Re: [RFC PATCH v1 2/5] perf stat: Fork and launch perf record when perf stat needs to get retire latency value for a metric.

From: Namhyung Kim
Date: Fri Feb 23 2024 - 21:45:27 EST


On Thu, Feb 22, 2024 at 11:48 PM Ian Rogers <irogers@xxxxxxxxxx> wrote:
>
> On Thu, Feb 22, 2024 at 11:03 PM Namhyung Kim <namhyung@xxxxxxxxxx> wrote:
> >
> > Hi,
> >
> > On Wed, Feb 21, 2024 at 12:34 PM Ian Rogers <irogers@xxxxxxxxxx> wrote:
> > > Weilin raised the TPEBS problem in the LPC 2023 talk, the issue being
> > > that sampling and counting don't really exist in the current perf tool
> > > code at the same time. BPF could be a workaround but permissions are
> > > an issue. Perhaps leader sampling but then what to do if two latencies
> > > are needed. Forking perf to do this is an expedient and ideally we'd
> > > not do it.
> >
> > Even with BPF, I think it needs two instances of an event - one for
> > counting and the other for sampling, right? I wonder if it can just
> > use a single event for sampling and show the sum of periods in
> > PERF_SAMPLE_READ.
> >
> > I'm not sure if an event group can have sampling and non-sampling
> > events at the same time. But it can be done without groups then.
> > Anyway what's the issue with two latencies?
>
> The latencies come from samples and with leader sampling only the
> leader gets sampled so we can't get two latencies. For 2 latencies
> we'd need 2 groups for 2 leaders or to modify leader sampling

Do those 2 latencies come from 2 events or a single event?

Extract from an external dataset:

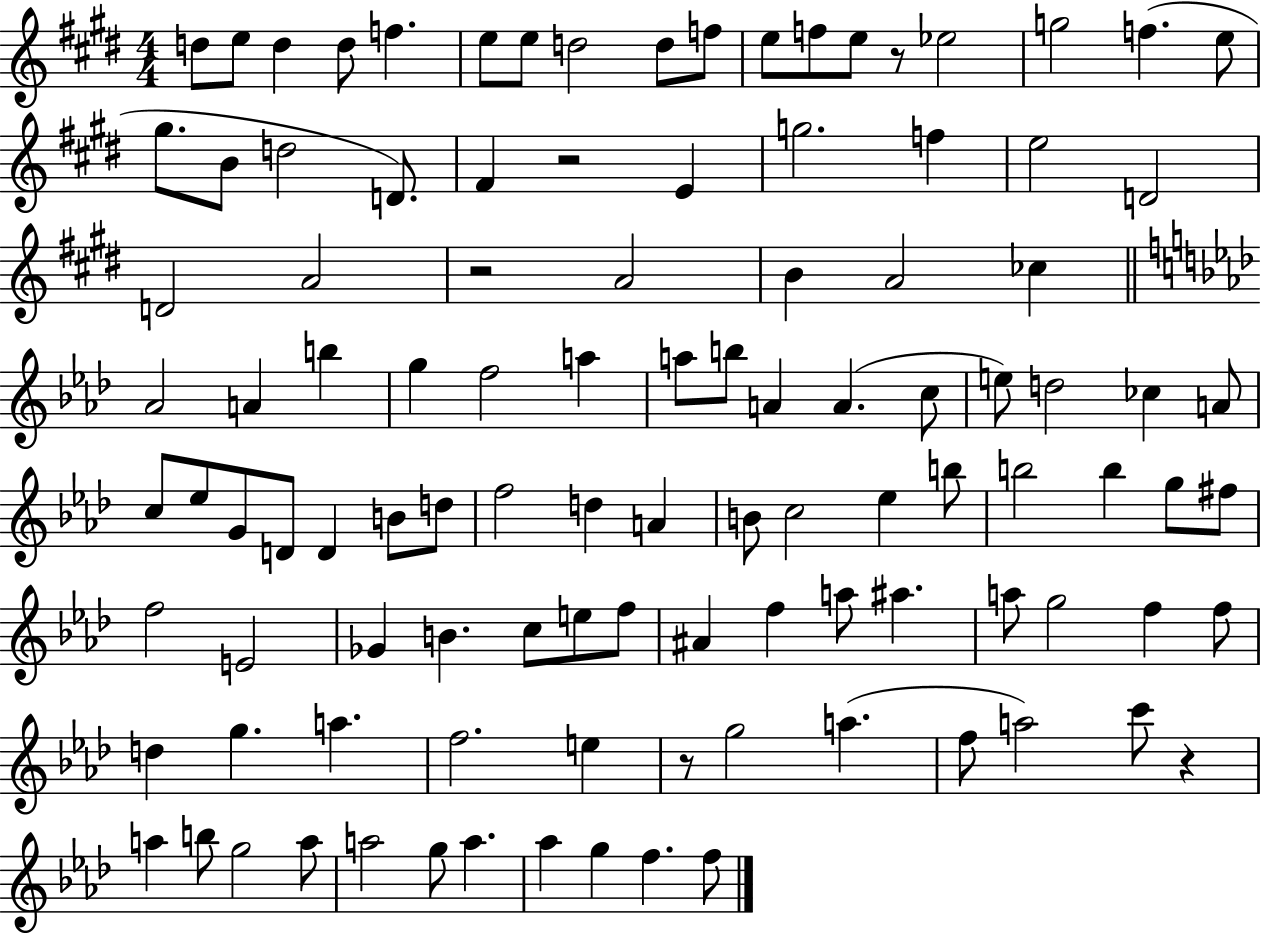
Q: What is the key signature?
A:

But I realized that PERF_SAMPLE_READ would return the period
only and I guess the latency is in PERF_SAMPLE_WEIGHT(_STRUCT), right?
Then it won't work with PERF_SAMPLE_READ unless we extend the
read format to include the weights.

> - if we
> could encode that we want to sample but don't need the sample in the
> mmap, just want the latency being available to be read, etc. This and
> BPF are both long-term viable solutions, but forking is the expedient
> solution to get something going - we'd likely want it as a fallback
> anyway.

Maybe we can add it to the read format, but I'm not sure how the
kernel maintains the value. PERF_SAMPLE_READ would be fine
to return the value in the sample. But it should support read(2) too.

Simply adding the values might not be what users want. Maybe
average latency/weight is meaningful but it could depend on
what the event measures..

Thanks,
Namhyung